Sheikh Radwan recounted that a fit of insane fury had overcome Abd el-Malek when he saw what had happened to the tombs. He’d cursed Islam and the Muslims in the courtyard of the Dakiz Mosque, “and if I hadn’t intervened, the boys would have beaten him to death with their shoes.”

The sheikh said he was free to phone him at any hour of the night if he felt in any way upset with Abu Ahmad: he’d be standing by to send him his car whenever he wished and to save him from the predicament he’d got himself into.

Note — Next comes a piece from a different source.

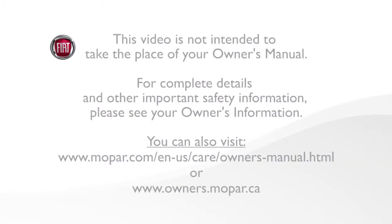This video is not intended to take the place of your owner's manual. For complete details and other important safety information, please see your owner's information.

Sheikh Radwan was right: the night with Dakiz turned out to be a predicament and more, but there was no reason for fear. The elderly man was peaceable and kind. All one had to do was listen endlessly to the same stories and put up with his theories of the ins and outs of religion, the meaning of life, and the meaning​lessness of history.

Abd el-Malek Dakiz was a philosopher — that was how the man introduced himself. He’d completed a huge work in three parts on the crusades but hadn’t been able to find a publisher. People told him Amin Maalouf had beaten him to it with his story of those wars, and that after his book The Crusades through Arab Eyes, no one was going to be interested in Abd el-Malek’s work. Abd el-Malek was convinced there was a conspiracy to prevent him from publishing his book. When he asked his son Ahmad to get him an appointment with Rafiq Hariri so he could try to get a subsidy to help him publish it, his son had wormed his way out of it using various excuses. “The worst thing is feeling that your own son is embarrassed by you,” said Abu Ahmad as he explained to Karim that his book was different from all the others because it dealt with history only as a point of entry to a discussion of life; he’d discovered from studying the history of his family that there was a mismatch between history and life. Daily life was full of noble qualities but history was frivolous, repetitious, bloody, and mad.

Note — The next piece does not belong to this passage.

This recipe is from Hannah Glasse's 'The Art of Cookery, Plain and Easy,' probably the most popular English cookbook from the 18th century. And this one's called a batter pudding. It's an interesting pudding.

Karim had arrived at the Ash’ash Café to find the elderly man sitting there waiting for him, smoking a narghile. It had occurred to Karim that his prevarications with Sheikh Radwan had been a mistake. He would have done better to agree to what he wanted from the start and avoid the visit to Imm Yahya and the pain that he’d felt when he saw the woman in such a state. Karim felt his every limb was hurting and found the torment of memory unendurable. Why was he going to spend the night here in the home of this madman whom he didn’t even know? And could his soul find room for yet more stories?

At the same time, but from a different perspective, he felt, with a vehemence he found difficult to explain, that he should refuse to give the papers to Sheikh Radwan. The papers were just like Jamal’s. They had become his personal memory and no longer had any general significance, so why should he let Sheikh Radwan distort them? Jamal’s papers were still with him. True, because of the chaos that had overwhelmed Fatah following Abu Jihad’s assassination, no one had asked him for them. But what if someone were to ask him for them today so they could be published — and supposing they were modified and their contents played around with and her picture put on the cover with her hair — which, the last time he’d seen it, in her posters, had been flying in the wind — hidden from sight by an Islamic headscarf and with a frown in place of her laughing eyes, would he then hand over her papers?